Train_Fenwick_Data <- filter(Train_Fenwick_Data, !is.na(event_detail))
head(Train_Fenwick_Data[Train_Fenwick_Data$event_detail == 'NA',])
## # A tibble: 0 x 47
## # Groups: game_id [0]
## # ... with 47 variables: season <int>, game_id <int>, game_date <date>,
## # session <chr>, event_index <int>, game_period <int>,
## # game_seconds <int>, event_type <chr>, event_description <chr>,
## # event_detail <chr>, event_team <chr>, event_player_1 <chr>,
## # event_player_2 <chr>, event_player_3 <chr>, event_length <int>,
## # coords_x <int>, coords_y <int>, players_substituted <chr>,
## # home_on_1 <chr>, home_on_2 <chr>, home_on_3 <chr>, home_on_4 <chr>,
## # home_on_5 <chr>, home_on_6 <chr>, away_on_1 <chr>, away_on_2 <chr>,
## # away_on_3 <chr>, away_on_4 <chr>, away_on_5 <chr>, away_on_6 <chr>,
## # home_goalie <chr>, away_goalie <chr>, home_team <chr>,
## # away_team <chr>, home_skaters <int>, away_skaters <int>,
## # home_score <int>, away_score <int>, game_score_state <chr>,
## # game_strength_state <chr>, highlight_code <chr>, X1 <int>,
## # is_home <dbl>, is_goal <dbl>, time_diff <dbl>, is_rebound <dbl>,
## # is_rush <dbl>
Next we’ll turn the categorical variables of into factors so that the model can use them in the training function later. And it also helps in graphing as well.
Train_Fenwick_Data$event_detail<- as.factor(Train_Fenwick_Data$event_detail)
The next variable to calculate is the angle of the shot relative to the center of the goal. Let’s look at the range of our coordinate system.

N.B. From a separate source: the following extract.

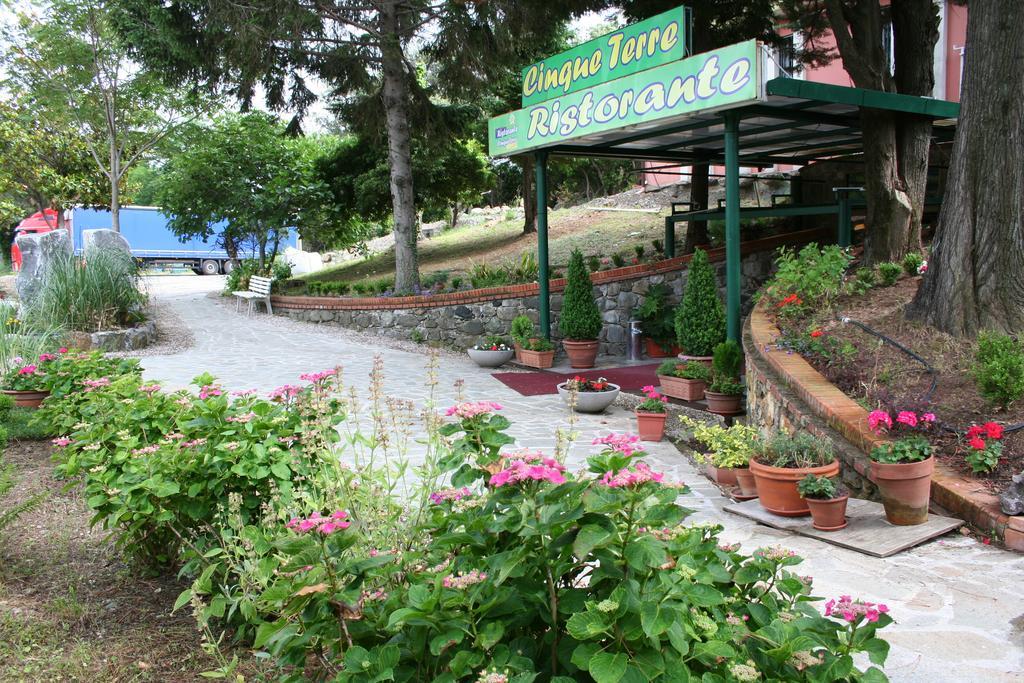 Hotel 5 Terre Nel Sole Дейва Марина Екстериор снимка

range(Train_Fenwick_Data$coords_x)
## [1] NA NA
range(Train_Fenwick_Data$coords_y)
## [1] NA NA
Well that didn’t work so we’ll need to filter out the NA
values:
Train_PbP_Data <- filter(Train_PbP_Data, coords_x != 'NA' & coords_y != 'NA')
range(Train_PbP_Data$coords_x)
## [1] -99 99
range(Train_PbP_Data$coords_y)
## [1] -42 42
So here we have the range of the NHL rink by the x and y coordinates. An NHL rink is 200 feet wide by 85 feet across so every vertical up or down is equal to one foot and and each x integer is equal to .995 feet. The goal line is 11 feet from the end boards so that is equal to 11.05 in units in our coordinate system. With this knowledge we now know the coordinate of the center of the goal is (87.95,0).
So given a shots location let’s say for this test case of a shot taken from (50, 12) and try to determine the angle using what we know about the coordinate system. The angle we are trying to find Theta is equal to Sin(Theta) = Opposite/Hypoteneuse. We know the opposite side is equal the y coordinate. The hypoteneuse we’ll get the length of using the trusty pythagorean theorem of the Sqrt((87.95-50)^2 + 12^2). So adding that altogether we have this:
asin(12/sqrt(1440.20+144))
## [1] 0.3062574
That answer is in radians in order to get it to degrees we will multiply it by 180 and divide by pi.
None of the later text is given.